Re: Wolfram on randomness and RNGs
Background Stephen Wolfram's book, "A New Kind of Science," is nothing if not interesting. This encyclopedia-sized volume traces how his fascination with cellular automata, beginning in the 1970s, led him to spend decades exploring the significance of complexity created from simple rules.
I hope the following will not be too wordy and generate interest in the cryptographic implications of his work.
Intrinsic Generation of Randomness In the chapter "Mechanisms and Programs in Nature," pp 297 - 361, he presents his case that behavioral similarities between certain simple programs and systems in nature are no coincidence but reflect a deep correspondence. In this section he explores three mechanisms for randomness: external input (noise) captured in so-called stochastic models, those related to initial conditions (e.g., chaos theory), and those based on the behavior of simple programs described in the book and which believes are the most common in nature.
Under the section "The Intrinsic Generation of Randomness" he presents evidence for his third mechanism in which no random input from the outside is needed, and in which the randomness is instead generated inside the systems themselves.
"When one says that something seems random, what one usually means in practice is that one cannot see any regularities in it. So when we say
a particular phenomenon in nature seems random, what we mean is that none of our standard methods of analysis have succeeded in finding regularities in it. To assess the randomness of a sequence produced by something like a cellular automaton, therefore, what we must do is to apply to it the same methods of analysis as we do to natural systems"
... some of these methods have been well codified in standard mathematics and statistics, while others are effectively implicit in our processes of visual and other perception. But the remarkable fact is that none of these methods seem to reveal any real regularities whatsoever in the rule 30 cellular automaton sequence.

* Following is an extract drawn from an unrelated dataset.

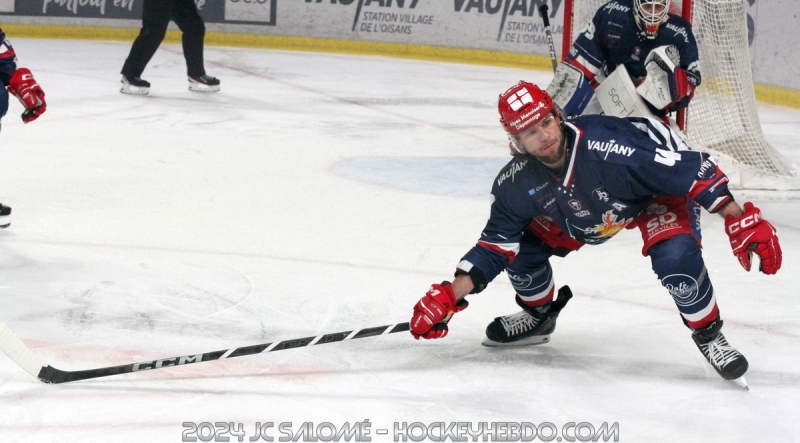 Photo hockey Ligue Magnus - Ligue Magnus : 28ème journée : Grenoble vs Amiens - Grenoble gagne un match de bouchers Photo hockey Ligue Magnus - Ligue Magnus : 28ème journée : Grenoble vs Amiens - Grenoble gagne un match de bouchers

And thus, so far as one can tell, this sequence is at least as random as anything we see in nature.
But is it truly random?
Over the past century or so, a variety of definitions of true randomness have been proposed. And according to most of these definitions, the sequence is indeed truly random. But there are a certain class of definitions which do not consider it truly random.
For these definitions are based on the notion of classifying as truly random only sequences which can never be generated by any simple procedure whatsoever. Yet starting with a simple initial condition and then applying a simple cellular automaton rule constitutes a simple procedure. And as a result, the center column of rule 30 cannot be considered truly random according to such definitions.
But while definitions of this type have a certain conceptual appeal, they are not likely to be useful in discussions of randomness in nature. For as we will see later in this book, it is almost certainly impossible for any natural process ever to generate a sequence which is guaranteed to be
random according to such definitions.
For our purposes more useful definitions tend to concentrate not so much on whether there exists in principle a simple way to generate a particular sequence, but rather on whether such a way can realistically be recognized by applying various kinds of analysis to the sequence. And as discussed above, there is good evidence that the center column of rule 30 is indeed random according to all reasonable definitions of this kind.
So whether or not one chooses to say that the sequence is truly random, it is, as far as one can tell, at least random for all practical purposes. And in fact sequences closely related to it have been used very successfully as sources of randomness in practical computing.
For many years, most kinds of computer systems and languages have had facilities for generating what they usually call random numbers. And in Mathematica ever since it was first released Random [integer] has generated 0's and 1's using exactly the rule 30 cellular automaton.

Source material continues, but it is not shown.